Cecilia opened her heart to Grace Maud, and while they have both benefited, Grace Maud knows she’s had the best of the bargain.
‘I feel the same about you,’ she says.
CHAPTER FIFTY-ONE
Each year seems to pass more quickly than the last. Patricia is quite sure that before she knows it Christmas will arrive, then 1995 will have begun and she will start the same routine over. And over. And over. Until she retires. Or dies. Whichever happens first. Another year of trying to manage her parents with no help and no change. Stasis. The story of her life. Such a worn-out phrase, but it’s the one that fits. The story of her life is that there is no story. She had nothing new to report when she bumped into her former student Rachel at the supermarket. Absolutely nothing to mark the years since she’d seen her last in Sydney. What sort of adult – what sort of person – doesn’t change in all that time? A boring one. Or one who is stuck against her will.
If it really is against her will.
Rachel looked delighted to see her.
‘I always meant to write to you,’ she says. ‘After I left school.’
‘Really?’ Patricia quickly searched her memory for anything she might have said or done to Rachel to prompt a letter.
‘Yeah. I …’ She looked shy for a second. ‘I wanted to tell you that you changed my life.’

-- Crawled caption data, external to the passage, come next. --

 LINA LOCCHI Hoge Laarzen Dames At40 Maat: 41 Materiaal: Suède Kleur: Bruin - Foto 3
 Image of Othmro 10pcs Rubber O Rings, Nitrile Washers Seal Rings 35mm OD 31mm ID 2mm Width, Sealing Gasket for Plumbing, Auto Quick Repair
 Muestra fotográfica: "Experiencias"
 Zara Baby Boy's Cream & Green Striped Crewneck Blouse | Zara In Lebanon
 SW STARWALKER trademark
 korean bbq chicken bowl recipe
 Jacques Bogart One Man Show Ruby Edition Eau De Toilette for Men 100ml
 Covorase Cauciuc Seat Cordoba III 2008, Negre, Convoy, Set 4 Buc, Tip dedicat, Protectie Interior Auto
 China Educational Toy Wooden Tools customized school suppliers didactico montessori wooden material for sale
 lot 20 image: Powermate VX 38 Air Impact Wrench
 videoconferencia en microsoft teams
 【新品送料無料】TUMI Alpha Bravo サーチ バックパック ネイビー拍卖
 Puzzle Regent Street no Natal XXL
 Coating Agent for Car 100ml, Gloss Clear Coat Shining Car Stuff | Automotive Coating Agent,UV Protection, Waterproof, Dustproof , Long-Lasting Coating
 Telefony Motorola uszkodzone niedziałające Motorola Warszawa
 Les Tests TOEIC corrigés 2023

‘I hope in a good way?’ Patricia said, slightly taken aback.
‘Oh, absolutely! You believed in me. You told me I could do better. You said you knew I was really bright and that I was capable of more. At the time I didn’t really want to hear it. Guess I was too young. But when I got to uni I remembered it. And I pushed myself. Did really well too. I wouldn’t have my job without that.’
Patricia felt the warmth of recognition and achievement, and smiled. ‘That’s lovely of you to say, but I think you did that all yourself.’
Rachel shook her head. ‘My parents never thought I’d get anywhere. Mum used to tell me I was never going to get a good job. But I did!’ She gave Patricia a curious look. ‘Are you teaching up here?’
‘Yes.’
‘Lucky for them,’ Rachel said, then looked thoughtful. ‘I just always thought you’d have done something else. I don’t mean that in a bad way! I thought you’d have moved to London or New York or something. Which makes it sound like I don’t like Australia but … You’re so smart, miss. I thought you’d become a professor at some fancy uni.’
Patricia considered what she said. ‘It’s not always easy to leave,’ she replied, then wondered if that was true – or if she’d made it harder for herself to leave.
Since that conversation she’s been wondering if she really has no options in her life or if she’s just telling herself that she doesn’t. It is safer, by far, to never change. Dull, and staid, but safer. And she’s always been sensible.
She had thoughts years ago of travels she could undertake and things she could achieve if her world was broader. Cairns will always be home because it’s baked into her skin, but she would have liked to see more of the world. Partly she’s stopped herself because she didn’t want to travel alone and she spent years waiting for that perfect travelling partner to materialise. Partly it’s because there is safety in what’s familiar and she isn’t as brave as she would like to be.
Although Sandrine often exhorts them to ‘have courage’ on the mat – to attempt things they might not otherwise – and Patricia always takes her up on that. So maybe she’s not so timid as she would have herself believe.